— Activity —
Using the data beneath this instruction, retype only the lines from the one that contains "Foto 2: Mostruário" down to the one that contains "Forever Green Art Moss Balls", both included, exactly as they appear.

Top of Records supplied

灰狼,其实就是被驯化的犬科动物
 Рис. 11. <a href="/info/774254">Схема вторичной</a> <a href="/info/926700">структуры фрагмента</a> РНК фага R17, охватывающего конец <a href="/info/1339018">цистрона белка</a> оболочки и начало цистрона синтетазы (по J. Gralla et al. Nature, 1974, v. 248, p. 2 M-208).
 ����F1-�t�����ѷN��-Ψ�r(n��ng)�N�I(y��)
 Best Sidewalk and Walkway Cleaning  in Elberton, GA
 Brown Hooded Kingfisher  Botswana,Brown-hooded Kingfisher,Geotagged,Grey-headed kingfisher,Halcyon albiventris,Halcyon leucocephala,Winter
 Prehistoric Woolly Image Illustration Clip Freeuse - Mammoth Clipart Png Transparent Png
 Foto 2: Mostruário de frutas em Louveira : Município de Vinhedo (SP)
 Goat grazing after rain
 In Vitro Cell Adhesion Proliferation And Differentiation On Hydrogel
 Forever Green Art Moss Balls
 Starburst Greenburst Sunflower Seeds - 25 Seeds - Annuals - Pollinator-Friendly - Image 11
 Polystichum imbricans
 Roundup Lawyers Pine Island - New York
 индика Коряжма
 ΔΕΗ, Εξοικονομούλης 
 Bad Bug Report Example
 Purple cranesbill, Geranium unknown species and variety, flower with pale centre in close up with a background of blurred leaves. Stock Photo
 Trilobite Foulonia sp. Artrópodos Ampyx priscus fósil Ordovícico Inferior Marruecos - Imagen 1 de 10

Bottom of Records supplied

— Answer to this exercise —
 Foto 2: Mostruário de frutas em Louveira : Município de Vinhedo (SP)
 Goat grazing after rain
 In Vitro Cell Adhesion Proliferation And Differentiation On Hydrogel
 Forever Green Art Moss Balls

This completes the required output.